Mas se alguns players da indústria já começam a aprender a lição, outros há, em especial as quatro grandes labels, responsáveis por quase 90 por cento de toda a música publicada em disco, que tardam em aprender, como bem relembra o Jon Newton, um canadiano de 65 anos que é o único responsável pela P2Pnet.net, uma webzine fundamental para quem queira conhecer mais a fundo as mentiras, a propaganda, as ameaças e as campanhas de extorsão desencadeadas diariamente um pouco por todo o mundo por estas centrais de banditagem e corrupção contra cidadãos comuns e honestos que apenas querem partilhar música com os amigos como a Michelle Santangelo. Deixo aqui alguns excertos de um post notável que o Jon publicou no Sábado passado com o título “Us, them, P2P and file-sharing”:
Advogados contra advogados, ouvidos por advogados. Ninguém excepto os advogados pode compreender as leis arcanas originalmente criadas para nos proteger, mas que se tornaram leis auto-perpetuadoras sobre si próprias. Elas escravizam-nos. Elas levam-nos à penúria em nome de empresas inacreditavelmente ricas que as empregam para nos controlar, a nós, as pessoas que as tornaram tão ricas em primeiro lugar e que as mantêm como tal.

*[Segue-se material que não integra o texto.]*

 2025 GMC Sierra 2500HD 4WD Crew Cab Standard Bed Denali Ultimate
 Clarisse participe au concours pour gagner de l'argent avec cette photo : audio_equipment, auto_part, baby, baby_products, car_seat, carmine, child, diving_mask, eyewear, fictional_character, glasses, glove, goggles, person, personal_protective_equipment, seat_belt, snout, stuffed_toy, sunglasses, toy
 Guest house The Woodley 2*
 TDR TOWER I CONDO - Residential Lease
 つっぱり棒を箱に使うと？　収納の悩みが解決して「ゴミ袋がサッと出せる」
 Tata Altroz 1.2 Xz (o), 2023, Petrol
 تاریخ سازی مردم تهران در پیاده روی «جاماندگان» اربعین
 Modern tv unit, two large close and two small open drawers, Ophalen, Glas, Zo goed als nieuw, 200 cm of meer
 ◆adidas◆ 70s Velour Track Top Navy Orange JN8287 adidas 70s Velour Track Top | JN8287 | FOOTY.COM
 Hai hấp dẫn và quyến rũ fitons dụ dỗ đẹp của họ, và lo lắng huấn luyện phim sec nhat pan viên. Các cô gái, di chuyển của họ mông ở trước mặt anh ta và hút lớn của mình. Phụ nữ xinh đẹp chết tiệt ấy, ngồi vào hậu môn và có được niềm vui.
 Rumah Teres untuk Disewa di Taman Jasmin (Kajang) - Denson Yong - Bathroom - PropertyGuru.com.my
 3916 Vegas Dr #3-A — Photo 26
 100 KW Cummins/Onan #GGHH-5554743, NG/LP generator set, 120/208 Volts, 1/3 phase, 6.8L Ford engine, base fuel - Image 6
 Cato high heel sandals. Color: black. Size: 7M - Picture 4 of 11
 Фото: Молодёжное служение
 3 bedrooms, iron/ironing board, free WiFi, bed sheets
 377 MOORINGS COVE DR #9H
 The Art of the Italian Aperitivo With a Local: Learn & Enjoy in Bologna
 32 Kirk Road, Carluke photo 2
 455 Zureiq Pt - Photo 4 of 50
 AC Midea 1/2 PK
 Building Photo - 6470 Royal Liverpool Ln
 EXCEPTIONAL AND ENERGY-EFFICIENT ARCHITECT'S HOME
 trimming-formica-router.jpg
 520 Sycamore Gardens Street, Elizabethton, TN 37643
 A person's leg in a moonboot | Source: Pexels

A partilha de ficheiros não é criminosa, não obstante os dispendiosos e deploravelmente bem sucedidos esforços de relações públicas por parte da RIAA do cartel para utilizar a imprensa de massas e os media electrónicos para a elevar a esse nível. Trata-se de um assunto de direito civil. E o que está em questão não é se alguém violou uma lei, mas se ela ou ele infringiu o copyright, uma simples infracção comercial e bastante longe de ser “criminosa” ou “ilegal”.
(…)
Pela primeira vez na história, todos falamos entre si. Em todo o mundo.A informação e não o dinheiro, é a única verdadeira moeda e hoje, no século 21 digital, podemos extraí-la e partilhá-la, um privilégio em tempos reservado apenas aos Poderes Estabelecidos.
E isso é a coisa mais assustadora que alguma vez aconteceu às labels e outras entidades corporativas que foram até agora capazes de nos tratar como cogumelos, mantendo-nos no escuro e alimentando-nos com tretas.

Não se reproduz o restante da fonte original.